Express Fitness # 3: Superset Training for Travel or Home

By Marina Aagaard, MFE

Keeping fit at home or when travelling may be easier than you think. You can maximize your workout results, including weight loss, while minimizing workout time.

For variation and speedy workouts one of the methods I use, is the body building method super set, which can be employed by exercisers of all levels. Two variations:
You can do compound super sets, which includes two exercises for one muscle group, but if you want to increase strength and burn fat, while keeping the workout short, the agonist-antagonist super set method is the better option.

Strength training on your travel Riga Gym lat pulldown super set photo Henrik ElstrupSuper set training (lat pull down, then shoulder press) at Elefant hotel, Riga, Latvia.

Agonist-antagonist superset
You work opposite muscle groups back to back without pausing, e.g. 3 sets of 10-12 repetitions: First one set for the chest, then one for the upper back, with no rest-pause between the sets, and then the next set for the chest, the next set for the upper back, without a rest-pause. Then the third set for the chest and so on.
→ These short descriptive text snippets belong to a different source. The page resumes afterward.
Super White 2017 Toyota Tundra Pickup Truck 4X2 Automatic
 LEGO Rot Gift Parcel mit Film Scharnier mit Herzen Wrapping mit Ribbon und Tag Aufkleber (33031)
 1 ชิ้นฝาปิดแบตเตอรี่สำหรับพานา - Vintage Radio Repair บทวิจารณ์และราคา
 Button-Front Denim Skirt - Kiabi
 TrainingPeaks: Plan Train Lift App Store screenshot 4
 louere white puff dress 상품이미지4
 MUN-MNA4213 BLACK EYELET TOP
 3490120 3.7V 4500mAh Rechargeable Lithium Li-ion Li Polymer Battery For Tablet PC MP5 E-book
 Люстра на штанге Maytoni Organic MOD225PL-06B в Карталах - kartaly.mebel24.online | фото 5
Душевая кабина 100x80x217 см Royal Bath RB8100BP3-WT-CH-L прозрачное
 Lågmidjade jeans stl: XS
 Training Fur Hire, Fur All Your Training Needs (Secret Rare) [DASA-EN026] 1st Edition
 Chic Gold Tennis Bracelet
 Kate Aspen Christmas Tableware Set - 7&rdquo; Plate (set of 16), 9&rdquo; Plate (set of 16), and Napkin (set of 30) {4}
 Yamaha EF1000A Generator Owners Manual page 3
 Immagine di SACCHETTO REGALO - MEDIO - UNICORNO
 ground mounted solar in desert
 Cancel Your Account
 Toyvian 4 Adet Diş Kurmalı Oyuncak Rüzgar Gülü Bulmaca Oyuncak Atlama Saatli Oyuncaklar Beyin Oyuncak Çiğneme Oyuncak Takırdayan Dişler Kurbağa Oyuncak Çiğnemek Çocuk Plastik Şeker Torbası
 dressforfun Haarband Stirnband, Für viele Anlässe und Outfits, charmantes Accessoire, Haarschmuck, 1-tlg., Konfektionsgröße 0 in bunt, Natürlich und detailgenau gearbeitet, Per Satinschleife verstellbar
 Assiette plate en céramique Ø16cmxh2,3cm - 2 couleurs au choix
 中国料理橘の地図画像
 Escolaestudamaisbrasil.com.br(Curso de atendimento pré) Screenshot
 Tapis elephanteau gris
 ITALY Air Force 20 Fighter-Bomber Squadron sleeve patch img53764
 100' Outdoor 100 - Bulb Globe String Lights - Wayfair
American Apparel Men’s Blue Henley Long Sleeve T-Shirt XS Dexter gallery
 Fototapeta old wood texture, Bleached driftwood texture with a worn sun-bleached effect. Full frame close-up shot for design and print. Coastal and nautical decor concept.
After one muscle pair (opposite muscles; agonist and antagonist) you proceed without a rest-pause to the next muscle pair and so forth.
Because you eliminate all rest-pauses – the muscle have a small rest period, when you work the opposite muscle – you turn up the intensity and save time. Excellent.

An example of a basic resistance training program according to the super set principle: After a warm-up work opposite muscle groups alternatingly, 3 x 8-12 of each, e.g.:

  • Leg press (squat) and leg curl
  • Horisontal rowing (wide grip) and chest press
  • Lat pulldown and shoulder press
  • Back extension and abdominal curl

Try this for intensity, fat burning and fast fitness.